One exception worth mentioning is the national union of students; it had some leeway to struggle under the first post-colonial dictator Bourguiba, but was totally infiltrated by Ben Ali and became totally useless. Since January 14 it's been reclaimed and is leading struggles on campuses, over basic things like money for textbooks or students unfairly dismissed by the corrupt administrations still in place at most universities.
Due to the closeness of the relationship with France, many exiled left organisations organised among the diaspora in France for the last 10 or 20 years and have now returned; some of the more radical of the centre-left formations, which look likely to do well in the elections, such as Ettakatol (Democratic Forum for Labour and Freedoms), are in this category. Revolutionary groups have returned since Ben Ali's downfall. The Left Worker's League (LGO), the main Trotskyist group, seems to fall into this category; most of the democracy activists and young people I've spoken to here don't even know who they are, and I haven't been able to get in touch with them or meet them yet.

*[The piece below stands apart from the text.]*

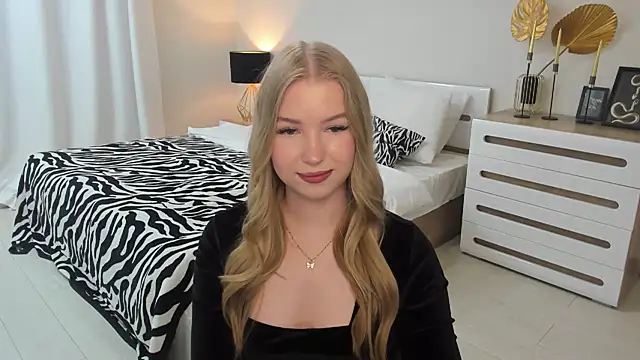 shy  lady online show from 06/14/26, 02:29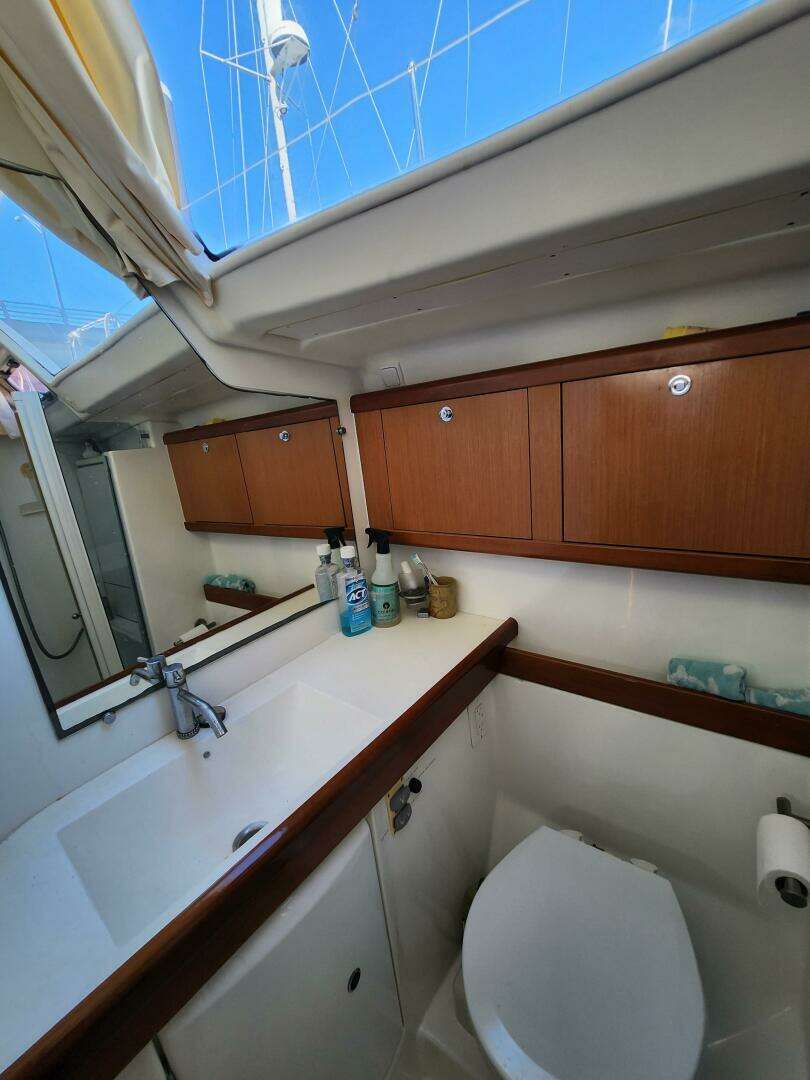 2011 Beneteau Oceanis 49 - Image 25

Communist Workers' Party of Tunisia
I did manage, however, to meet with a member of the central committee of the Communist Workers' Party of Tunisia (PCOT), which played an essential role in the uprising against Ben Ali (largely through their involvement in the UGTT) and who seem to be the biggest and best force on the left here. Despite their affiliation to the Hoxhaist (Albanian Maoist) international tendency, they have the sharpest line on the ongoing revolution and how to keep advancing the struggle of anybody that I've spoken to here. It is definitely the only big-name party in Tunisia that hasn't switched to safe rhetoric due to the approaching election, and it is still talking about revolution!
The biggest weakness that I'd identify of the PCOT is that it isn't as well respected among democracy activists, or as big a part of that movement as, for example, the revolutionary socialists in Egypt are. Indeed, many of the leading blogger-journalist-activists here, such as Slim Amamou (who was named the minister of youth within the second post-January 14 government, although he recently resigned that post) and Azyz Amami, are leaders of the Tunisian Pirate Party, which seems to be taking on the role of groups like April 6 or the Coalition of Revolutionary Youth in Egypt. And still more are standing for election as independant candidates.
The PCOT is a very old party, which struggled underground for a long time, which means it is well positioned to organise for the elections – this, I think, may have deterred people who are rightly cynical of the electoral process. However, revolutionary young people are definitely looking to the organised left, and to the PCOT especially (the local "goth" subculture in Tunis, for example, is full of PCOT militants!). The PCOT's main office in Tunis was absolutely bustling with young people doing various things for the election campaign.